Assistant professor of philosophy Sasha Mudd wrote an op-ed in The New York Times Oct. 10 that presented, “The other day, my 7-year-old, having gotten wind of President Trump’s Covid-19 diagnosis, asked me point blank, ‘Mommy, are you glad that Trump got the coronavirus?’”
“Here’s how I explained the moral quandary to my 7-year-old: I am sad that Mr. Trump got sick because in general suffering is bad, and I don’t want anyone to suffer, but on the other hand I think he should suffer consequences for the harm he has done,” Mudd wrote. “This answer seemed satisfying enough at the time, but it left out an important distinction. What I did not try to explain is that the punishment that Mr. Trump’s bout of Covid-19 represents is merely symbolic, a stand-in for the real punishment he deserves, which is necessarily social in character. Mr. Trump deserves to be punished at the ballot box and to be held accountable for any possible criminal wrongdoing in a court of law.”
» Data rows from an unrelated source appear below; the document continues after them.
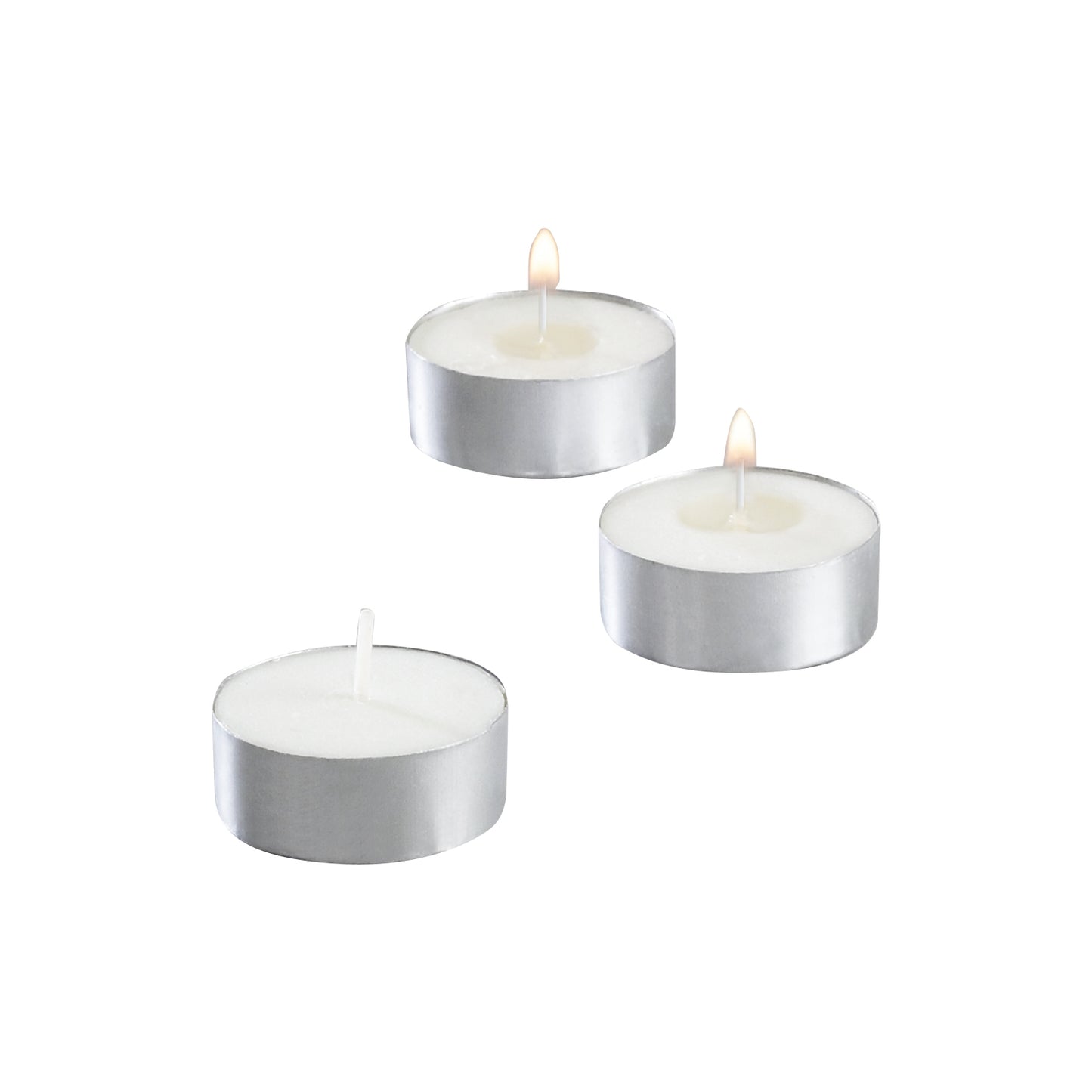 Hr Wax Tealight Candles 500 Each - 1 Per Case.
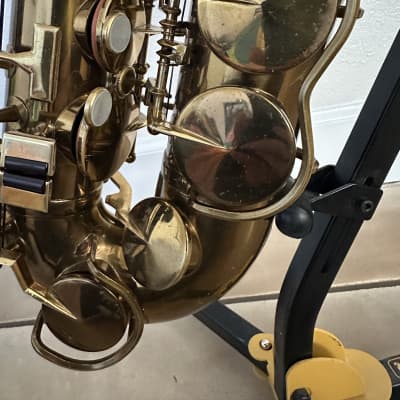 King  Zephyr  Alto Saxophone image 8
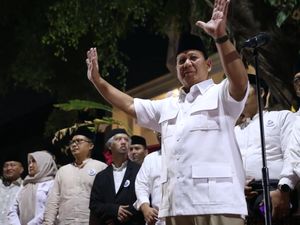 Prabowo Terima Dukungan Alumni PMII di Pilpres 2024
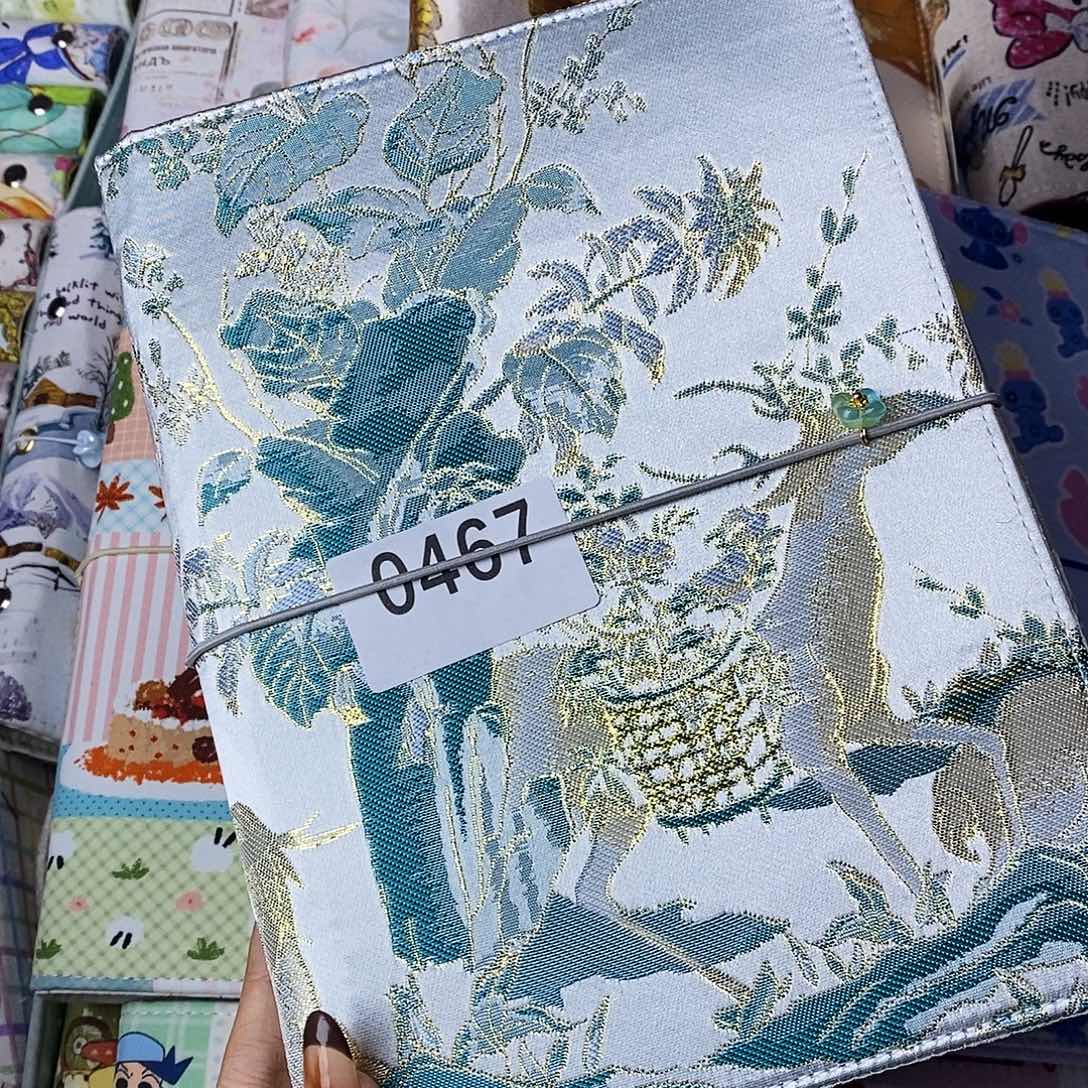 织绣a5活页不加纸0467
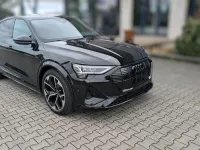 Gebraucht Audi e-tron Ambiente 369 kW (503 PS) 2022 Schwarz SUV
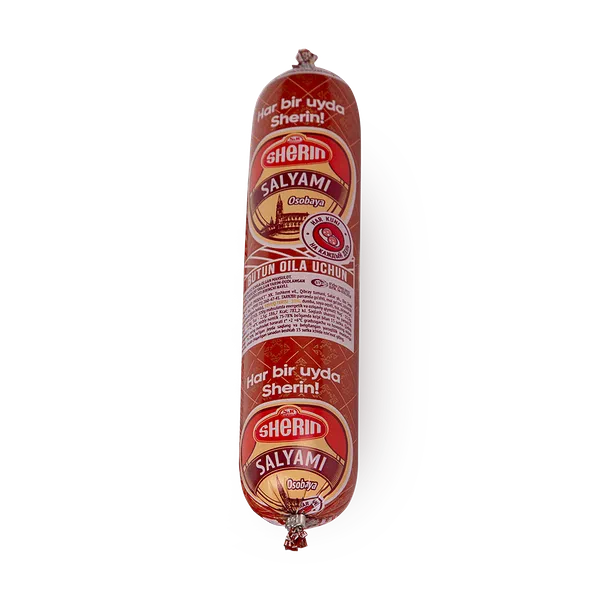 Колбаса салями особая Sherin полукопчёная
The reader responses ranged in everything from, “I must admit that the irony that he may well lose the election because he refused to take Covid-19 seriously gives pleasure to some of us,” to “I have worked with many people who police their thoughts and are severely inhibited by the repression it requires.”
Many of us have wished the Russian-compromised illegitimate president with the slimy anti-everything rhetoric that has embedded it’s evil and hatred into our society – and democracy – ill. As Donald J. Trump continues to slide his gaslighting antics on his White supremacist followers for the nth time, America is beginning to wake up to a new dawn. Still, does thinking bad thoughts about the president cause you to be a horrible human being? And is it even worth admitting these thoughts to others?
“I think Sasha Mudd overlooks a basic point,” wrote William James Earle. “Wishing harm, feeling glee at another’s suffering and even hoping that someone will die are all causally inert. They don’t in themselves hurt anyone. What morality strictly forbids is taking the smallest step, the least action, to hurt another, cause suffering or bring about death. We have to worry about what we do, not what we feel.”